Asyl in Spandau: Das Dauerprovisorium

Die seit Jahren marode Flüchtlingsunterkunft in der Motardstraße in Berlin-Spandau könnte nun wirklich schließen. Das freut derzeit aber kaum jemanden.

Selten was für länger: Flüchtlingsunterkunft (außerhalb Berlins). Foto: DPA

Seit Jahren schon fordern FlüchtlingsexpertInnen ihre Schließung: die Erstaufnahme für Asylsuchende in der Spandauer Motardstraße. Nun könnte die marode Unterkunft tatsächlich bald geschlossen werden. Doch derzeit ist fast niemand so richtig glücklich damit.

Baufällig ist die inmitten eines Spandauer Industriegebiets liegende Flüchtlingsunterkunft bereits seit Jahren. 1989 für eine Nutzungsdauer von zehn Jahren eröffnet, beherbergt das aus Containern errichtete Provisorium aber bis heute Asylsuchende – allein reisende Erwachsene ebenso wie Familien mit Kindern.

Als Erstaufnahme ist die Motardstraße eigentlich für Flüchtlinge gedacht, die nach der Asylantragstellung auf die Verteilung in ein anderes Bundesland oder eine Berliner Gemeinschaftsunterkunft warten. Laut Gesetz soll das innerhalb von drei Monaten stattfinden. Doch angesichts der hohen Flüchtlingszahlen des vergangenen Jahres lässt sich die schnelle Verteilung nicht mehr durchführen. Im Durchschnitt sechs Monate verbrächten Asylsuchende derzeit in der Motardstraße, sagt Manfred Nowak vom Kreisverband Mitte der Berliner Arbeiterwohlfahrt (AWO), der die Spandauer Erstaufnahmeeinrichtung betreibt.

Wie lange die aktuell gut 500 in der Erstaufnahme lebenden Flüchtlinge dort noch bleiben können, kann auch Nowak derzeit nicht sagen. Der Mietvertrag mit dem bisherigen Eigentümer des Geländes läuft Ende September aus. Der neue Eigentümer, ein Autowaschunternehmen, habe zwar eine Vertragsverlängerung für zwei Jahre angeboten, doch die muss mit dem für die Flüchtlingsunterbringung zuständigen Landesamt für Gesundheit und Soziales (Lageso) abgeschlossen werden. „Und von dort hören wir seit Wochen nichts dazu“, so der AWO-Kreisvorsitzende. Nicht nur für die BewohnerInnen, auch für ihn ein Problem: Verträge mit Essenslieferanten und Reinigungsfirma hätten bei einer Schließung Ende September längst gekündigt werden müssen; AWO-Beschäftigte in der Unterkunft sorgen sich um ihre Jobs.

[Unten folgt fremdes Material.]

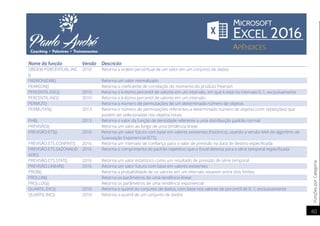 FunçõesporCategoria
40
Nome da função Versão Descrição
ORDEM.PORCENTUAL.INC
()
2010 Retorna a ordem percentual de um valor em um conjunto de dados
PADRONIZAR() Retorna um valor normalizado
PEARSON() Retorna o coeficiente de correlação do momento do produto Pearson
PERCENTIL.EXC() 2010 Retorna o k-ésimo percentil de valores em um intervalo, em que k está no intervalo 0..1, exclusivamente
PERCENTIL.INC() 2010 Retorna o k-ésimo percentil de valores em um intervalo
PERMUT() Retorna o número de permutações de um determinado número de objetos
PERMUTAS() 2013 Retorna o número de permutações referentes a determinado número de objetos (com repetições) que
podem ser selecionadas nos objetos totais
PHI() 2013 Retorna o valor da função de densidade referente a uma distribuição padrão normal
PREVISÃO() Retorna um valor ao longo de uma tendência linear
PREVISÃO.ETS() 2016 Retorna um valor futuro com base em valores existentes (histórico), usando a versão AAA do algoritmo de
Suavização Exponencial (ETS).
PREVISÃO.ETS.CONFINT() 2016 Retorna um intervalo de confiança para o valor de previsão na data de destino especificada
PREVISÃO.ETS.SAZONALID
ADE()
2016 Retorna o comprimento do padrão repetitivo que o Excel detecta para a série temporal especificada
PREVISÃO.ETS.STAT() 2016 Retorna um valor estatístico como um resultado de previsão de série temporal
PREVISÃO.LINEAR() 2016 Retorna um valor futuro com base em valores existentes
PROB() Retorna a probabilidade de os valores em um intervalo estarem entre dois limites
PROJ.LIN() Retorna os parâmetros de uma tendência linear
PROJ.LOG() Retorna os parâmetros de uma tendência exponencial
QUARTIL.EXC() 2010 Retorna o quartil do conjunto de dados, com base nos valores de percentil de 0..1, exclusivamente
QUARTIL.INC() 2010 Retorna o quartil de um conjunto de dados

Doch auch die dem Lageso übergeordnete Senatsverwaltung für Gesundheit und Soziales äußert sich nur kryptisch über die Zukunft des Lagers: „Die Motardstraße bleibt Erstaufnahmeeinrichtung derzeit, aber eben nicht auf Dauer“, heißt es auf taz-Anfrage aus deren Pressestelle ungenau. Manfred Nowak ist ob dieser Ungewissheit hin- und hergerissen. „Verträglich“ sei die Unterbringung in den Uralt-Containern eigentlich nicht mehr, sagt er, einen schlechten Winter etwa überstehe die „marode Heizungsanlage“ wohl nicht. Angesichts der Unterbringung in Turnhallen oder den Tempelhofer Flugzeughangars sei die Motardstraße dennoch „besser“. Wohin die BewohnerInnen sollen, sollte die Motardstraße Ende September tatsächlich schließen müssen, weiß er nicht.